*** Opening Raw data ***

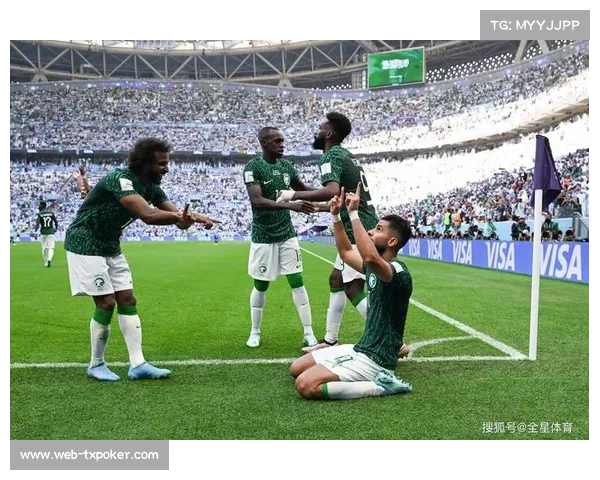 霍芬海姆客场3-2逆转沃尔夫斯堡，阿穆拉双响建功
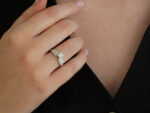 Μονόπετρο Δαχτυλίδι Με Brilliant Και Princess Διαμάντια Σε Λευκόχρυσο 18K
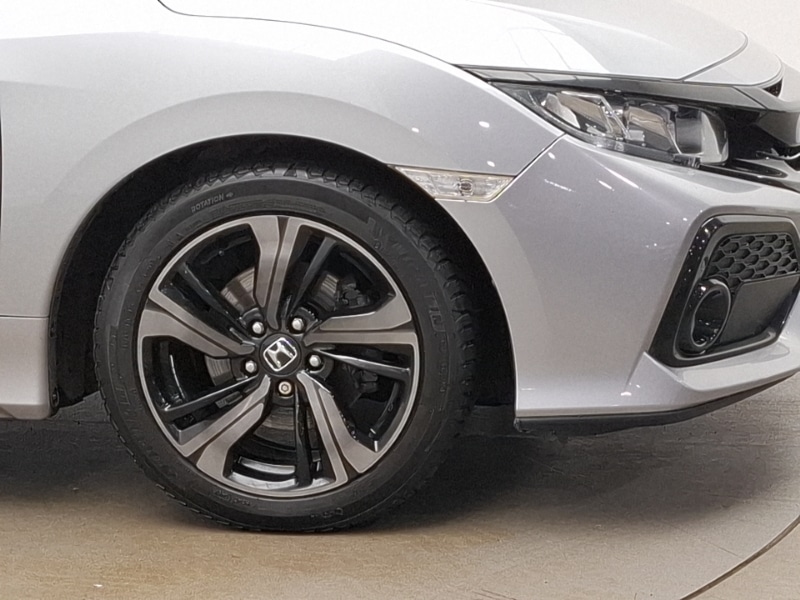 Used Honda Civic 2019 for sale - 76571735: Photo 9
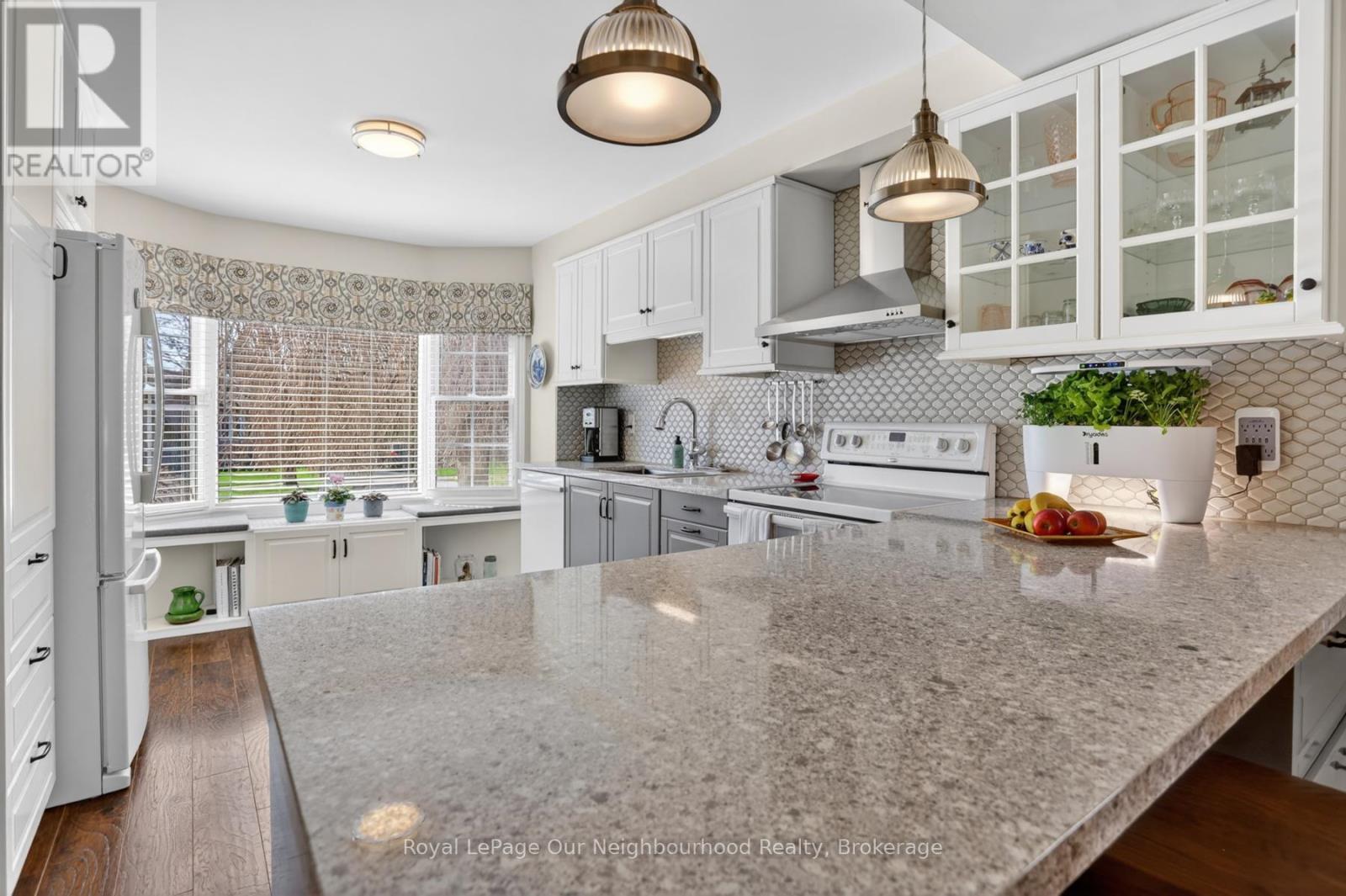 656 HILLCROFT STREET - 5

*** Closing Raw data ***

**Work order:** Every line of the material must be repeated exactly; pictures stay out.

**Exercise output:**
 霍芬海姆客场3-2逆转沃尔夫斯堡，阿穆拉双响建功
 Μονόπετρο Δαχτυλίδι Με Brilliant Και Princess Διαμάντια Σε Λευκόχρυσο 18K
 Used Honda Civic 2019 for sale - 76571735: Photo 9
 656 HILLCROFT STREET - 5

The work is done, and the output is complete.